Praktische Hinweise für die Besteuerung

Muss nun hinsichtlich der Möglichkeit des Vorsteuerabzuges neu gedacht werden? Das Urteil enthält sehr viele Ausführungen dazu, dass der Vorlagefall nicht mit anderen bisher entschiedenen Fällen vergleichbar sei. Für juristische Person des öffentlichen Rechts kann u.U. daraus abgeleitet werden, dass durch eine nachträgliche Entscheidung zur Zuordnung eines Wirtschaftsguts zum Unternehmensvermögen ein (nachträgliche) anteiliger Vorsteuerabzug möglich sein kann. Eine entsprechende Vorsteuerberichtigung ist nicht bereits deshalb ausgeschlossen, weil die juristische Person des öffentlichen Rechts ein Wirtschaftsgut ab dem Zeitpunkt seiner Anschaffung ausschließlich hoheitlich verwendete.

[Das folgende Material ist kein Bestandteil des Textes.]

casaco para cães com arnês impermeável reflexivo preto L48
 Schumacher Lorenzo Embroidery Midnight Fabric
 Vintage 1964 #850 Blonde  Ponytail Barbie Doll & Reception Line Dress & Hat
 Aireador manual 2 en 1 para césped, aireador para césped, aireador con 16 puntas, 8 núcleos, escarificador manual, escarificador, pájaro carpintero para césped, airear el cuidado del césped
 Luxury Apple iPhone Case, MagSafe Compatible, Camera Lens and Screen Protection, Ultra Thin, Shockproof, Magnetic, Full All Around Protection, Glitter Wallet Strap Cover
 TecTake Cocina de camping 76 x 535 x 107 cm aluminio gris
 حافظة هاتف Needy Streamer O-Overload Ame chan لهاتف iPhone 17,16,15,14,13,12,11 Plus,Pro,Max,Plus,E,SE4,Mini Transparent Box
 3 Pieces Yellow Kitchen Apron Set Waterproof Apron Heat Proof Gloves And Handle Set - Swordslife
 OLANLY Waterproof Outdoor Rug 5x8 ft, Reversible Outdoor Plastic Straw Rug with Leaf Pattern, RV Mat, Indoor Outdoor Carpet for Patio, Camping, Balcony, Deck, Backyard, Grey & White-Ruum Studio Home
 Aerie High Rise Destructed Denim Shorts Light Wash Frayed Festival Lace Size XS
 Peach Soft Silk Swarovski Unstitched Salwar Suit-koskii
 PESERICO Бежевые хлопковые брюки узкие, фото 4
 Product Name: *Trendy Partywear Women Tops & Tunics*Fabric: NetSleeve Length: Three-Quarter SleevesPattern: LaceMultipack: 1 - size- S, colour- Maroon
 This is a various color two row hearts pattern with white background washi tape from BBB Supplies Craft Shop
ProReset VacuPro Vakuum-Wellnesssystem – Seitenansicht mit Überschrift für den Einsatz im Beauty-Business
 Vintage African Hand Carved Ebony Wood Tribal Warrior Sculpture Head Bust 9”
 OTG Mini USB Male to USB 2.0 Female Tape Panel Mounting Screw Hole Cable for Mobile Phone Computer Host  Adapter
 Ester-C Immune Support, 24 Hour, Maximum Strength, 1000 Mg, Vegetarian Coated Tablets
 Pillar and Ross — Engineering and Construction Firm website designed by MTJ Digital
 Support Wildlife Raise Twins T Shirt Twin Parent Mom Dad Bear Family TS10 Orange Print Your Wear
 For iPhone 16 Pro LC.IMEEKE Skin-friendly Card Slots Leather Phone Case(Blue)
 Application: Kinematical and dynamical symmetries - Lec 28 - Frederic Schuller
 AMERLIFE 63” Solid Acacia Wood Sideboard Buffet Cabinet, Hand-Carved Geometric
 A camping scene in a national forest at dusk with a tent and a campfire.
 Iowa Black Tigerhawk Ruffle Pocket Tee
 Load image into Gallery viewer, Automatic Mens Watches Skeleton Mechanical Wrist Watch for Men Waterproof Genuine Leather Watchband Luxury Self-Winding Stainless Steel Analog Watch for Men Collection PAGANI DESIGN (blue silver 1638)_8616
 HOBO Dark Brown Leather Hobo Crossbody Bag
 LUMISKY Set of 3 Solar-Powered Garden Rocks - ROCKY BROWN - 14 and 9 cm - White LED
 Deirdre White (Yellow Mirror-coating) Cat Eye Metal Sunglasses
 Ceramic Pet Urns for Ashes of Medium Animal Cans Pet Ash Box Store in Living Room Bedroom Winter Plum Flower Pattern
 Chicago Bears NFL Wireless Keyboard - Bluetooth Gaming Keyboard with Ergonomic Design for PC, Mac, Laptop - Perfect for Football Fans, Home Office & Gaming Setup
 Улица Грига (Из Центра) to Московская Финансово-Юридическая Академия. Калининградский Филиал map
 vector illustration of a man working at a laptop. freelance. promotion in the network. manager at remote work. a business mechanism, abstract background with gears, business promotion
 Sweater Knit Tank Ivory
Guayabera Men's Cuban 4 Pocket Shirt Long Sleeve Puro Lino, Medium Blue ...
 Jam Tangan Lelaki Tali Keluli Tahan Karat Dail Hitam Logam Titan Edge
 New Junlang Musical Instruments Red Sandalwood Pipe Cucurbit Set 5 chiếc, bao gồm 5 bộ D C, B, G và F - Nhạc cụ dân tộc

Die Reaktion der deutschen Finanzverwaltung ist noch nicht bekannt. Es ist aber davon auszugehen, dass der Vorgabe des „Erwerbes als Steuerpflichtiger” eine besondere Bedeutung zukommen dürfte. Zwar ist es grundsätzlich weiterhin erforderlich, im Zeitpunkt der Investition als Unternehmer zu handeln. Im Zeitpunkt der Investition muss aber nicht zwingend die Absicht bekundet werden, das Investitionsgut dem Unternehmen zuzuordnen. Es darf aber nicht ausgeschlossen sein, dass Wirtschaftsgut auch für eine vorsteuerunschädliche Tätigkeit verwenden zu können.

 

Grundsätzlich ist wohl die Zuordnungsentscheidung im Zeitpunkt der Entstehung des Vorsteuerabzugs entscheidend. Ein nachträglicher Vorsteuerabzug kann aber laut EuGH nur dann ausgeschlossen werden, wenn bei Gegenständen, mit denen eine gewünschte Nutzung zu verschiedenen Zwecken möglich ist, eine klare anfängliche Zuordnungsentscheidung für den nichtwirtschaftlichen Bereich getroffen wird. Das würde bedeuten, dass sich anfangs nicht ausdrücklich gegen den künftigen Vorsteuerabzug entschieden werden darf, also noch keine eindeutige Zuordnungsentscheidung getroffen werden solle.

 

Das mutet insofern sehr fraglich an, da von Einzelunternehmen bzw. Personen des Privatrechts bei der Anschaffung von Gegenständen eine zeitnahe dokumentierte Zuordnungsentscheidung bis zum 31. Mai des Bezugs-Folgejahres von Seiten der Finanzverwaltung verlangt wird (vgl. Abschnitt 15.2c Abs. 16 UStAE). Für die Praxis darf es mit der Tendenz einer angestrebten gleichen / neutralen Umsatzbesteuerung von Unternehmen des privaten und Körperschaften des öffentlichen Rechts keine Unterscheidung bezüglich der Zuordnungsentscheidung geben. Daher bleibt abzuwarten, ob bei Einzelunternehmen auf eine zeitliche Frist weiter abzustellen ist.